Disclaimer: Not mine. D'Hoffryn belongs to Joss Whedon; Parker, et al belong to John Rogers, Chris Downey, etc
="There's something wrong with you."
- Eliot Spencer, various times throughout series
Nate Ford stared across the street in confusion. Police, criminal investigators, and medical personnel were gathered around a badly damaged piano. Under the piano, not visible to the team through the throng of people, was their mark. He was a foster parent whose charges ("Victims," Parker had hissed) were regularly abused. Unfortunately, the man was too clever at covering up his deeds for the team to find anything. Even Hardison could find nothing.
"Explain this to me again?" Sophie requested quietly. "How does a man get crushed to death by a falling piano while standing in the middle of an empty parking lot?"
"Why do we care?" Parker asked. "He can't ever hurt a kid again."
"Parker, we're not saying it wasn't deserved. It's just..." Nate trailed off, uncertain how he wanted to finish the sentence.
"It ain't right," Eliot growled. "There's no place anything that big coulda fallen from."
"Maybe it fell outta some cargo plane?" Hardison guessed wildly. At the looks his suggestion garnered, he shrugged. "Don't see any o' y'all coming up with anything."
"The magic of a wish," Parker suggested, an unusual twinkle in her eyes.
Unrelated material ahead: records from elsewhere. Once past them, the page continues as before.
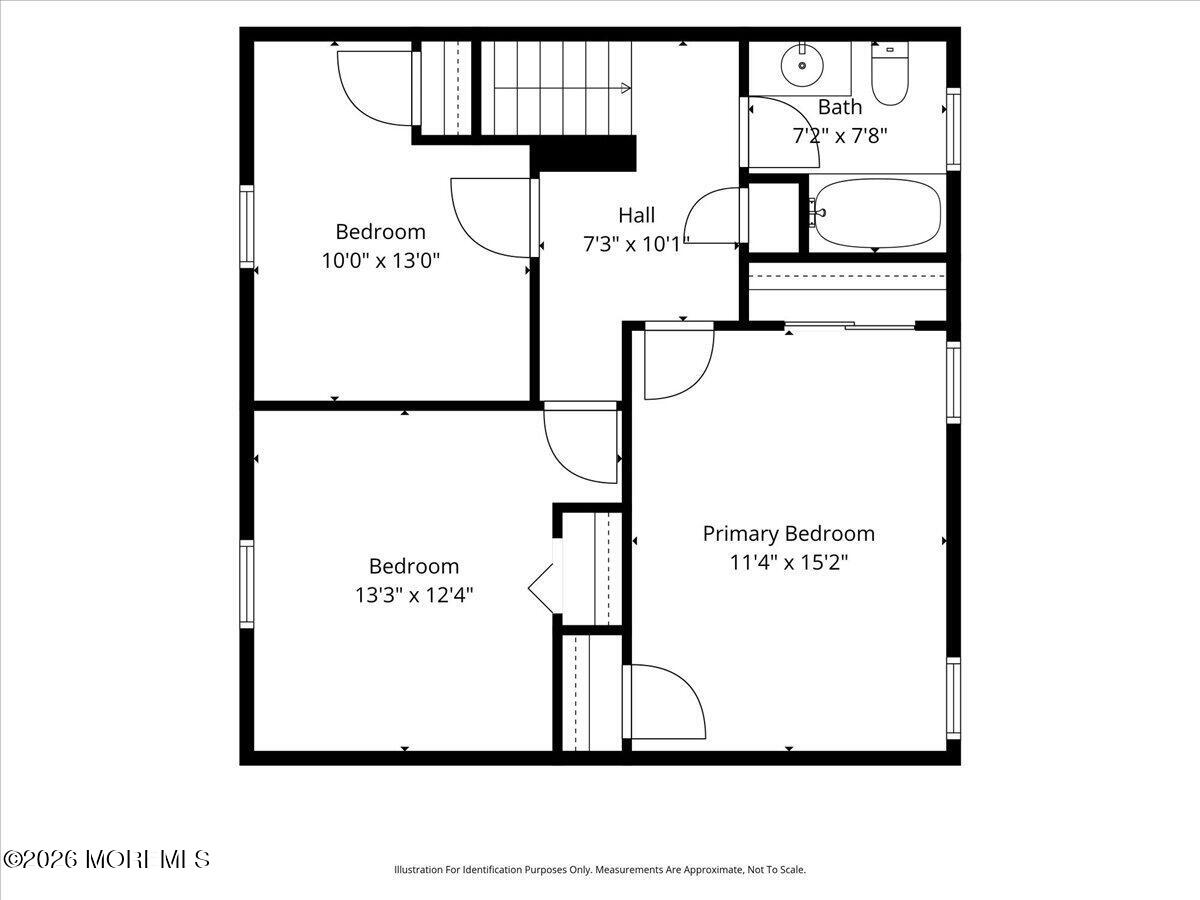 105 Coolidge Drive Brick NJ 08724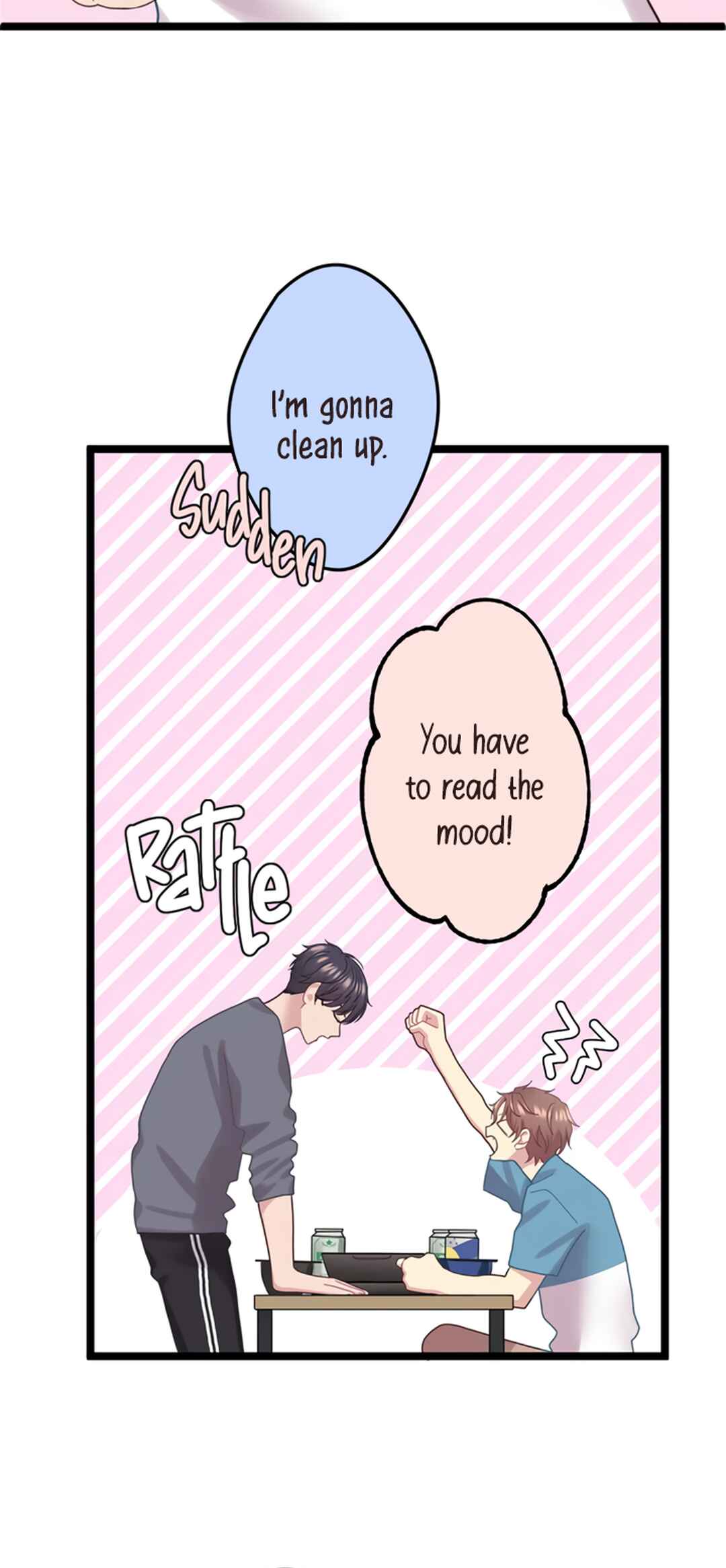Page 15 Chapter 5 Omae no Are wo Ore ni Choudai!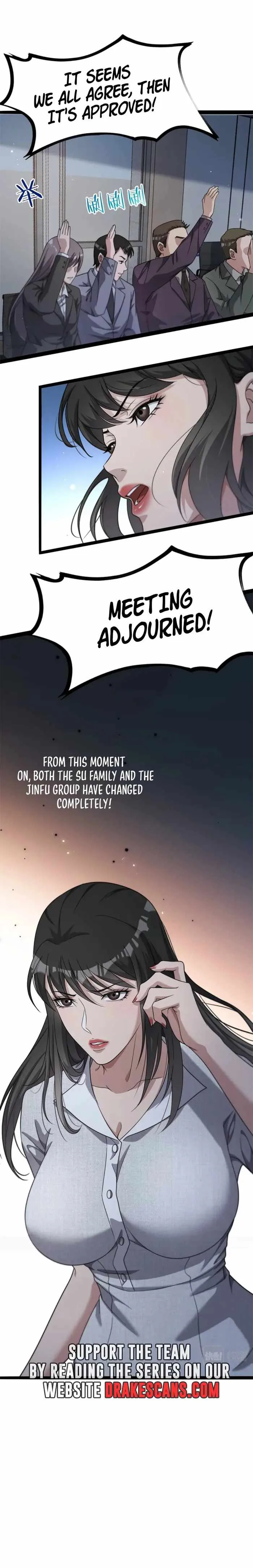 I’m Trapped In This Day For One Thousand Years Chapter 26 page 2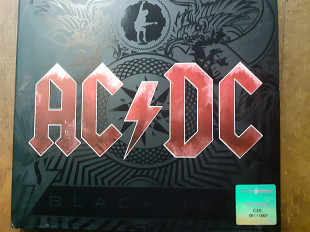 AC/DC. Black Ice. 2008.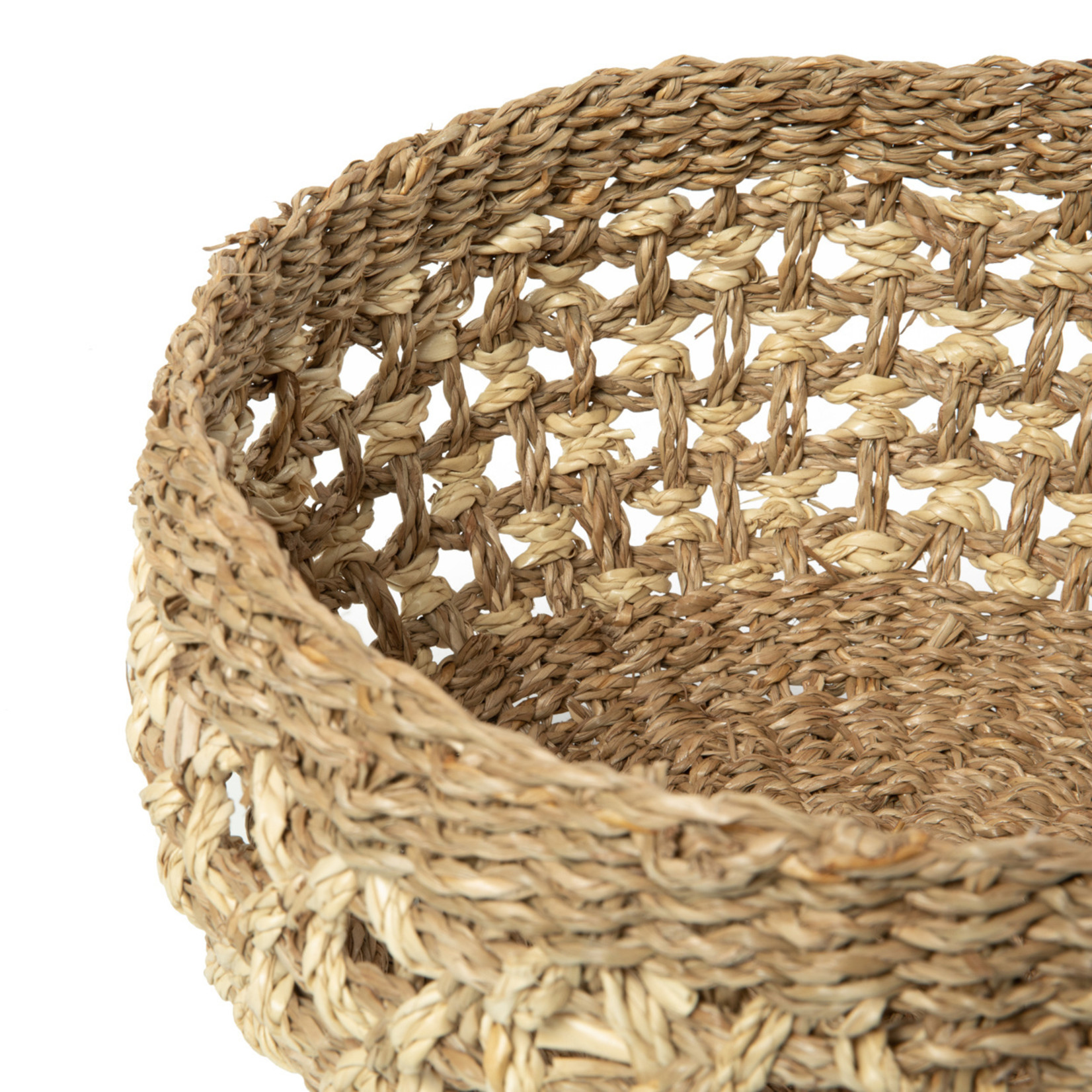 Bazar Bizar The Phu Quoc Basket - Natural - L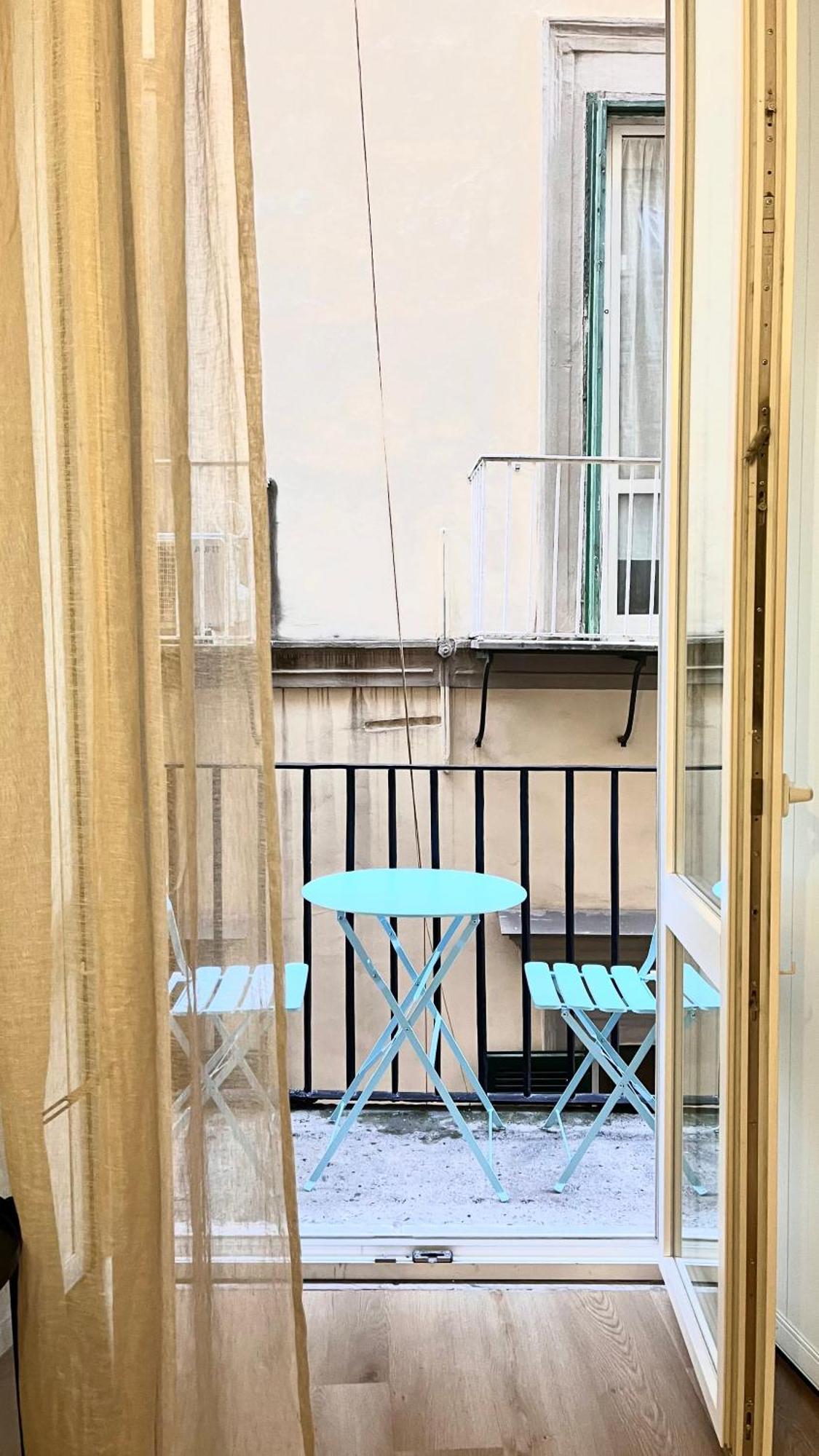 La Casa Di Nelly Boutique Apartment Napoli Zewnętrze zdjęcie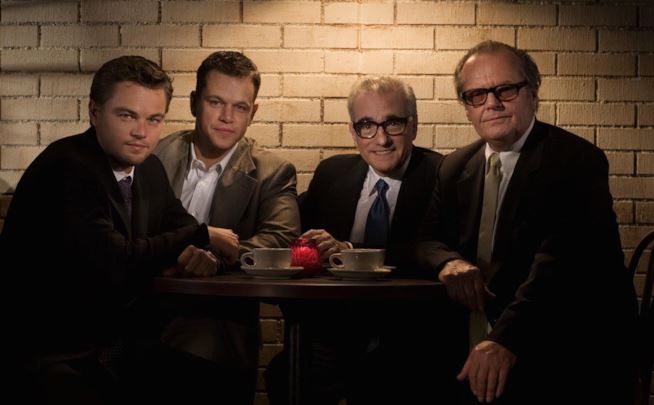 the departed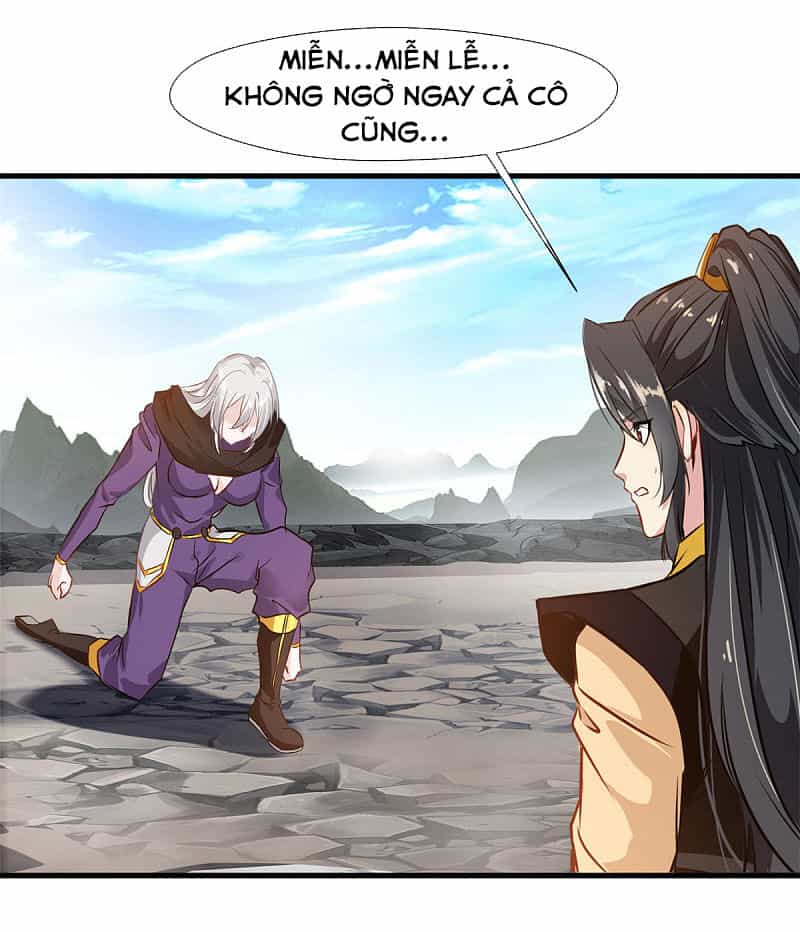 Tuyệt Thế Cổ Tôn - Chương 102 - ảnh 31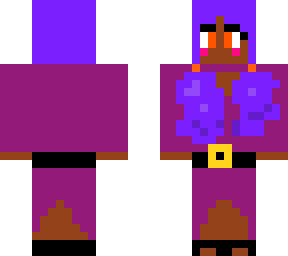 the witch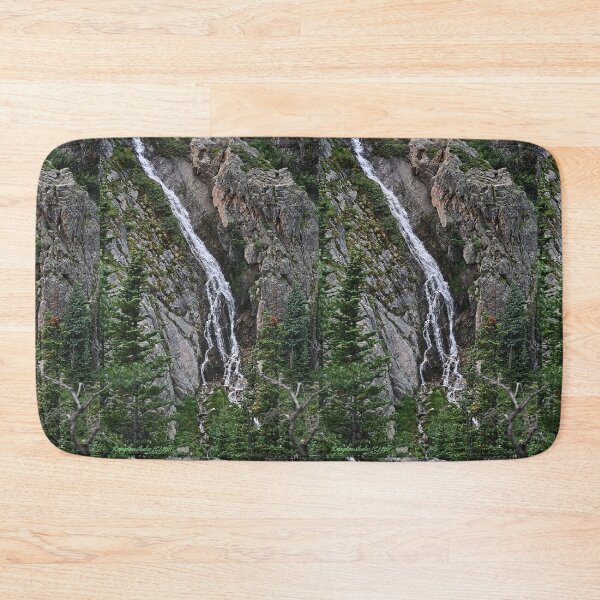 Item preview, Rocky Mountain Falls designed and sold by Katagram.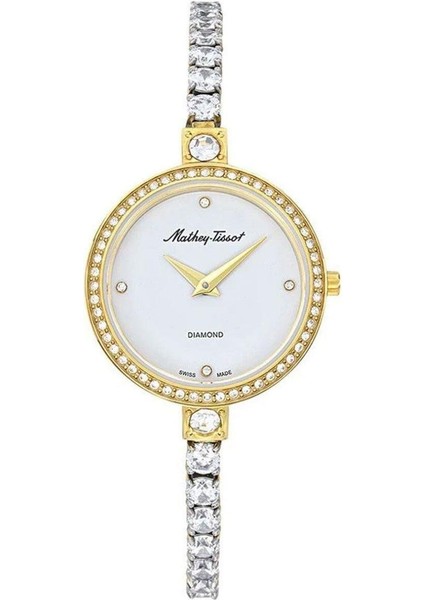 Mathey Tissot D986SPYI Kadın Kol Saati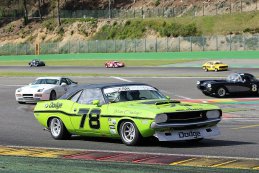 Tony Frans - Dodge Challenger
"What, you mean when that little five-year-old wished a piano would fall on his head just like in the Bugs Bunny cartoons? You really think the universe just conspired to make it happen? 'Cause if so, I wish I had the TARDIS."
Parker shrugged and bounced away, grinning to herself. The rest of the team continued to try and come up with a rational explanation for the piano, but eventually had to admit defeat. They each headed home, with plans to meet at Nate's the next day. They had a stack of potential clients to look through, and it was unlikely those problems would be solved quite so easily.
That evening, as Parker sat cross-legged in the middle of her spartan living room, a being appeared in a blaze of fire. The blonde woman grinned up at him, holding out one hand.
"So, how'd I do?"
"I am pleased to see that you stayed away from explosives this time."
"As fun as bombs are, they get a bit over-done after awhile. Plus, if I had used a bomb, the others wouldn't have given up so easily."
"Not to mention that some of the others are saying you lack creativity. Using only bombs no matter what."
"You don't think I lack creativity, do you, D'Hoffryn?"
"My dear," the being all-but purred, "You have been astounding me with your creativity from the moment you came to my attention all those years ago." The blonde grinned again at his words. "No other six-year-old has ever been recruited by me, before or since."
"Does that mean I can fulfill a personal wish now?"
D'Hoffryn's eyes narrowed at the bubbly young woman. It was against the rules to grant a personal wish, as she well knew. "I suppose I can make an exception this once," he murmured. "What did you have in mind?"